“I watch the ink flow from my pen. I observe the moment in which it dries. Perhaps this is the moment when words die. The descent from the living thought to its death is swift. Perhaps this is the precise instant when a manuscript begins to gather dust. It cannot be seen yet, but the process has set in.”
~ The Sea of Many Returns by Arnold Zable
If you follow my writing you’ll know I’m prone to the indulgent habit of navel-gazing. During a recent bout of such, I found myself contemplating how much value we place in the name on the spine of a book over the content within. More extreme navel-gazers than I, such as Roland Barthes refer to this as a question of “authorial identity”; does it really matter who wrote a book and why?
Barthes was a French literary critic, very famous for his 1968 essay Death of the Author in which he argues that knowing the author creates a bias in the reader and the only way a reader can truly interpret the text is by divorcing it from its creator.

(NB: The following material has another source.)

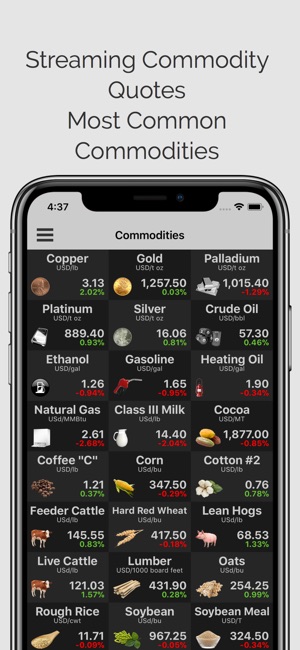 Commodities Pro (ms)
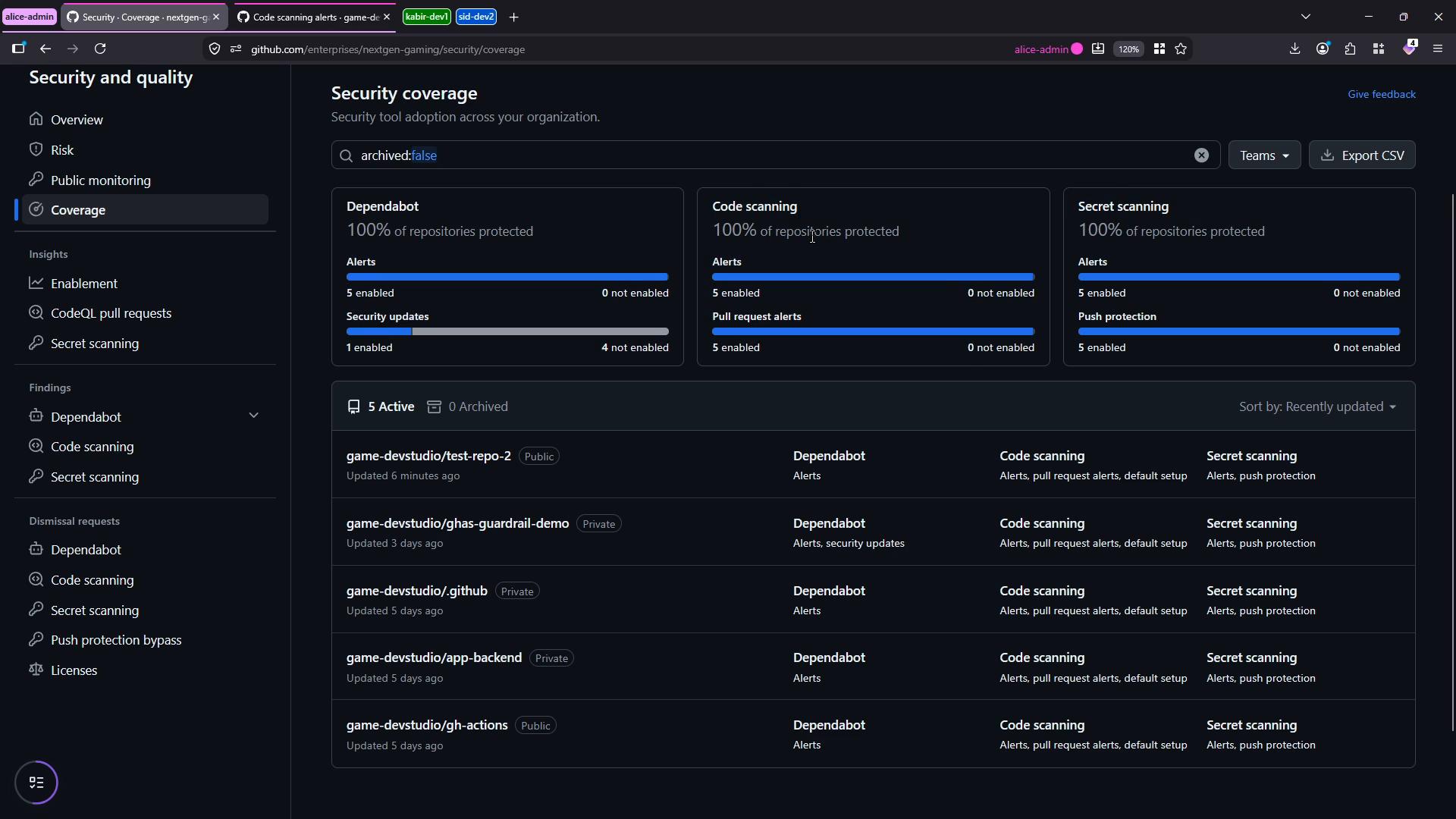A dark-themed GitHub Enterprise "Security coverage" dashboard showing Dependabot, code scanning, and secret scanning metrics with progress bars at 100% and a list of repositories and their enabled security features.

The sweet irony, perhaps tragic beauty of this essay, is that while Barthes begs us to forget who wrote it; to liberate it from his selfish grasp, in a cruel twist of literary fate he will forever be lauded for his amazing insight into the topic.
Ah, but perhaps he was playing with us, as the French are want to do, no? *spoken with French accent*
Perhaps I need to step away from the complexities of French philosophers and the deep semiotic posturing of literature nerds and instead find something more relatable to my own reading choices.
Recently I read The God Argument, a fascinating book in which esteemed British philosopher, A.C. Grayling, presents a rational argument for an alternative to religion. But would I take this book so seriously had it not been written by my beloved A.C? Did I, in fact, purchase the book in the first place because it was written by A.C? Would I have laughed hysterically if the author was, say, Arnold Schwarzenegger?
“I was elected to lead, not to read.”
~President Arnold Alois Schwarzenegger in The Simpsons Movie (2007)
Literature has a long history of clandestine authorship, particularly in the case of women writing under male pseudonyms. A great example of this today would be J.K. Rowling’s recent foray into the genre of crime fiction; a genre completely dominated by men. Notwithstanding the first point of interest — that J.K. who has no middle name and chose to use initials so as to be gender ambiguous— it is, I think, quite understandable that Ms Rowling chose the new nom de plume, Robert Galbraith, for a new genre.
It certainly isn’t a unique concept. Many authors write with various pen names to suit the different genres they write in. But in the case of the author of one of the biggest selling children’s books of all time, it’s quite likely people would have laughed as loudly at the thought of a female children’s novelist writing crime fiction as I would at the thought of Arnold Schwarzenegger writing a book on philosophy and God.
Which brings me back to Roland Barthes, his dead authors, and his claim that the relationship between a text and its author is irrelevant.
Barthes argues that we need to liberate a text from the intentions of its author, thus take our own meaning from it and set it free. Indeed I believe this to be theoretically true.
Sybil by Flora Rheta Schreiber drew attention to the horrors of Dissociative Identity Disorder by retelling the shocking story of a woman with sixteen co-conscious personalities. Norma Khouri’s Forbidden Love heightened awareness of the appalling act of honour killings in its retelling of the murder of the author's friend by her own father for loving a Christian. Should these two instances of literary hoaxes be any less remarkable on the basis of content rather than authorship?
Does J.T. LeRoy’s novel Sarah about a young gender variant drug-addicted prostitute have any less impact on our understanding of the plight of such individuals now that we know J.T. (Jeremy) is a fictional persona and the real author, Laura Albert is married, middle class, and very much a woman?
American novelist, Mary Gaitskill, had this to say;
“It’s occurred to me that the whole thing with Jeremy is a hoax, but I felt that even if it turned out to be a hoax, it’s a very enjoyable one. And a hoax that exposes things about people, the confusion between love and art and publicity. A hoax like that would be delightful and if people are made fools of, it would be okay — in fact, it would be useful.”
All of this leads me in the end to ponder the phenomena of our modern-day obsession with celebrity. Yes, we take our own meanings from text regardless of authorial identity, but our desire to weed out the author, to assess their worthiness of writing a text keeps the author, to my own disappointment, alive and kicking.
And what about Roland Barthes? Well, he’s tossing and turning in his grave despite his desire to be left alone, forgotten, and as dead as any author can reasonably expect to be.